The punchline was that it was so effective that even an undertaker pulled up at the end.
That Heineken advert it’s a great quiz question because so often people assume it was a Carlsberg advert - came to mind again this week when in Rawtenstall.
I’m sure there are other parts of the county, or country, which are as blighted by badly-planned roadworks as Rawtenstall and Rossendale, but I can’t name any off the top of my head.
The idea that late in the evening, one of the few main roads we have through Rossendale, is clogged up by roadworks is an utter nonsense.
Be it the road to Burnley from Rawtenstall, or the road from Rawtenstall to Bacup, it feels as though roadworks in one shape or another have been a constant for a very long time.
Of course, some roadworks can’t be helped. In fairness, none can - the work needs to be done.
But how many times do the traffic lights fail and not work, thus making the problem far worse?
And why is it, when we do have roadworks, they remain with us for so long?
Take the road linking Holcombe to Helmshore - there have been roadworks, or rather traffic lights and a lane of road closed, for months.
Frequently, the lights don’t work, either causing queues or forcing drivers to take their lives into their own hands to get by.
Rossendale MP Jake Berry has a plan - to give the county council the same power London councils have to charge those who dig up the road, and fine those who over-run. It’s a plausible idea - but something needs to happen sooner.

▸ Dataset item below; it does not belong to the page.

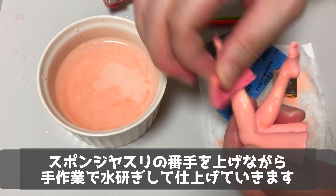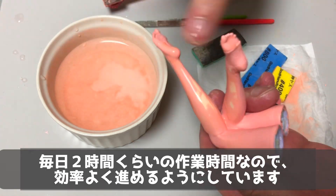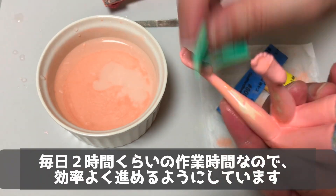スポンジヤスリの番手を上げながら手作業で水研ぎして仕上げていきます。毎日2時間くらいの作業時間なので、効率よく進めるようにしています。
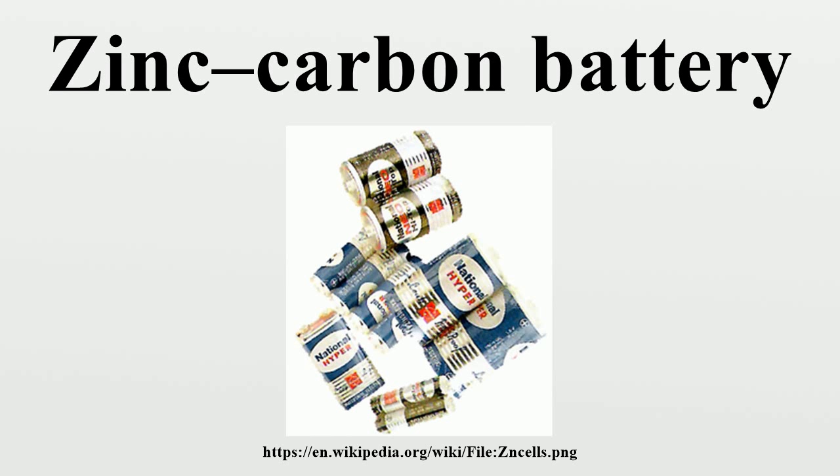In a zinc-carbon dry cell, the outer zinc container is the negatively charged terminal. The zinc is oxidized according to the following half reactions. Anode: Zn → Zn²⁺ + 2e⁻, E° = −0.7626 V. Cathode: 2MnO2 + 2e⁻ + 2NH4Cl → Mn2O3 + 2NH3 + H2O + 2Cl⁻, E° = +0.5 V. The overall reaction in a zinc-carbon cell can be represented as: Zn + 2MnO2 + 2NH4Cl → Mn2O3 + ZnCl2 + H2O. If zinc chloride is substituted for ammonium chloride as the primary electrolyte, the anode reaction remains the same.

The county council, as the highways authority, is supposed to know when all roadworks are taking place.
And indeed, the roadworks causing the most problems at the moment, on Burnley Road, are the result of county council resurfacing works.
Again, much-needed but County Hall seems to be ignoring sensible requests from Rossendale Council on how to minimise the hold-ups.
Rossendale leader Alyson Barnes said she and the council had asked LCC to get crews to manually operated the temporary lights because the flow of the traffic changes so often.
That hasn’t happened. So before we get into a world where the county council gets powers to fine other organisations for over-running roadworks, it feels like it needs to get its own house in order first. The Government allocated millions of pounds of Levelling Up cash earlier in the year for this area, which will apparently be used to improve the roads, especially the ‘gyratory’ in Rawtenstall town centre.
It seems hard to work out how you can improve such a complicated set of junctions which have the fire station in the middle.
One thing is for sure, it will involve roadworks.
And while it won’t necessarily affect people working at County Hall who preside over road closures, the ongoing roadworks nightmare here in Rossendale risks doing real damage to the local economy and, of course, the environment too.